A faithful, picture-free copy of the listing below is required.

# [Data]
--------------------------------------------------

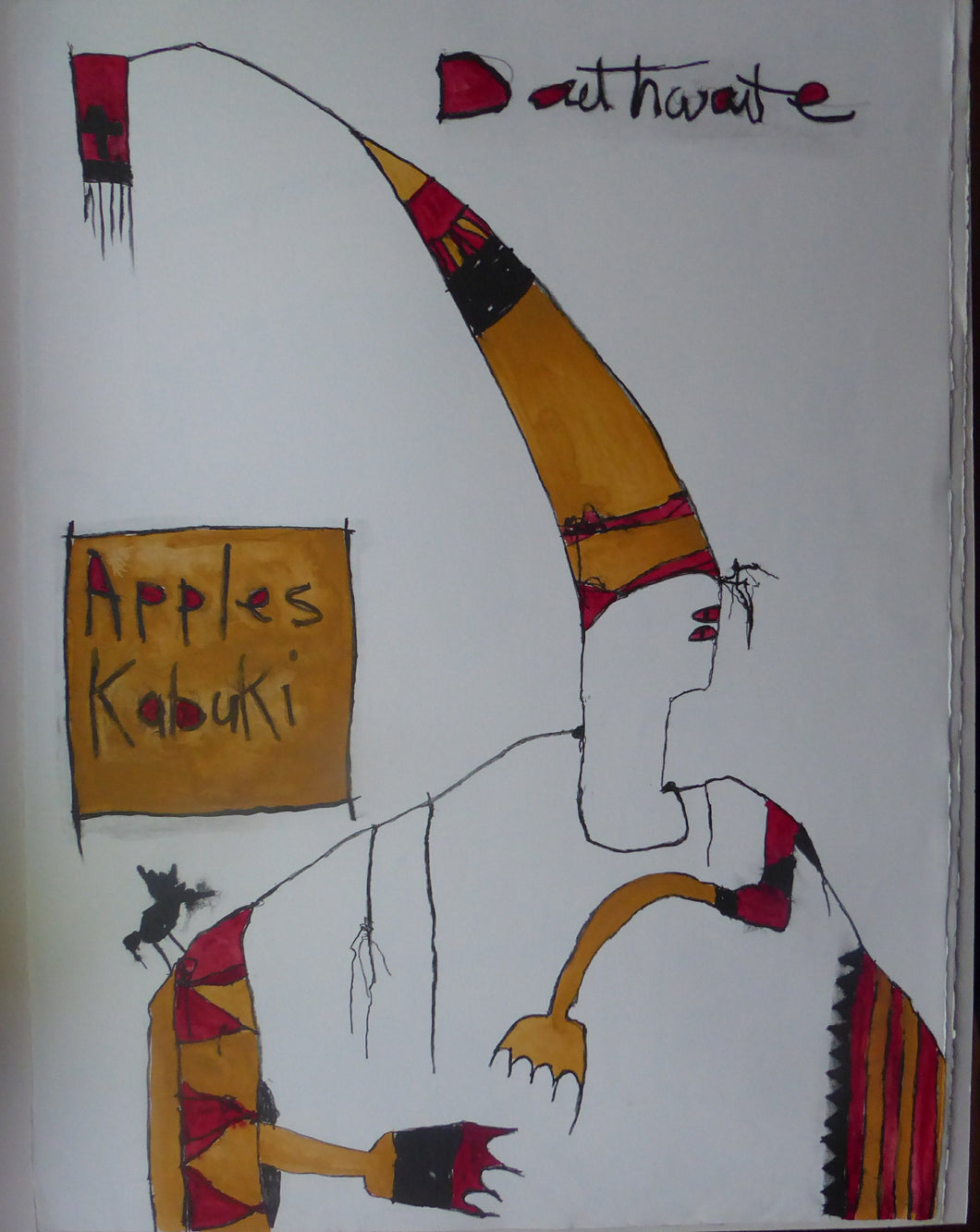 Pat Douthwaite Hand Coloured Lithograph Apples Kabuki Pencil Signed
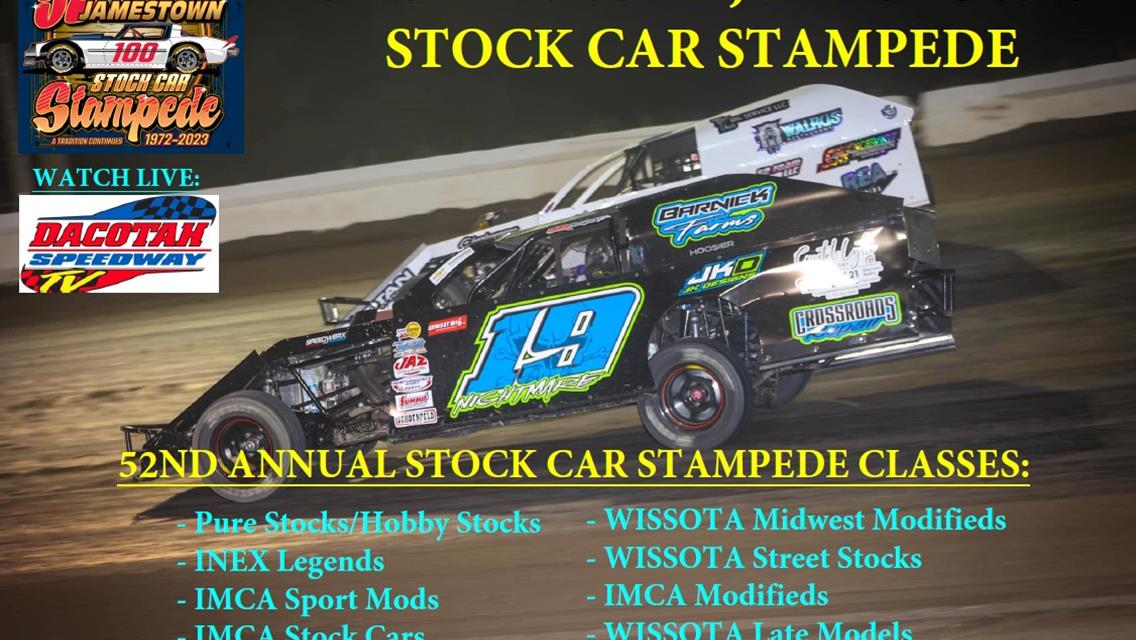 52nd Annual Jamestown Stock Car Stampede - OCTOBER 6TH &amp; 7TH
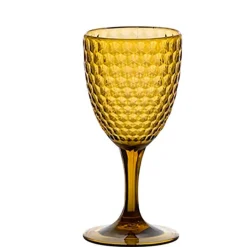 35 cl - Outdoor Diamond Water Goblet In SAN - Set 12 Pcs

--------------------------------------------------

# [Result of this exercise]
 Pat Douthwaite Hand Coloured Lithograph Apples Kabuki Pencil Signed
 52nd Annual Jamestown Stock Car Stampede - OCTOBER 6TH &amp; 7TH
 35 cl - Outdoor Diamond Water Goblet In SAN - Set 12 Pcs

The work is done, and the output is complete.